What you’re looking at is the prefabricated modular block of apartments that has been opened in London and provides accommodation to the homeless. It has been named as the Y:Cube. The concept was announced earlier this week and owing to its construction method, the rent can be kept on the low side. Residents will only have to pay the 65% of the local market rate.
It was developed for the international YMCS youth charity that along with its other activities, offers accommodation for young homeless people living in UK. It was designed by architecture firm Rogers Stirk Harbour + Partners and is conceived as ‘move-on accommodation’ for folks leaving homeless hostels.
It has been based in the Mitcham area of South West London while the first deployment of the concept features 36 one-bed studios with each one sporting an area of 26 sq. meters. The units have been created from ‘high quality, eco-efficient materials’ such as renewable timber, and are claimed to be insulated to such levels that it requires very little or no heating during the winter.
The accommodation’s affordability has been made possible thanks to the low-cost construction method. The units are prefabricated in a factory where the utilities are already incorporated into them. This means that these modules can be simply transported to the site and stacked together to form the structure where water, electricity and heating can be connected easily.

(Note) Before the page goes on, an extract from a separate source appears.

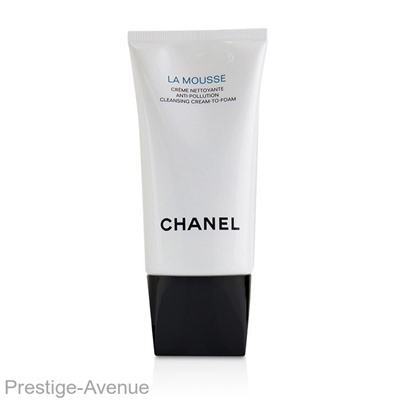 Пенка для умывания CHANEL LA MOUSSE 30 ml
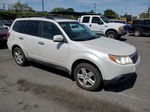 2009 Subaru Forester 2.5x Limited White vin: JF2SH64619H795045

The plug and play approach renders the Y:Cube concept being quite suitable for the brownfield sites. They can be used, as an interim solution for sites that are not being used as of now, however, will be made use of in future. The Y:Cube in Mitcham began operation on 8th September and shall be used for the housing of those who have been referred by the London Borough of Merton or those who were previously residents of the YMCLA London South West. The YMCA stated that it has plans of starting other Y:Cube developments in London and across UK.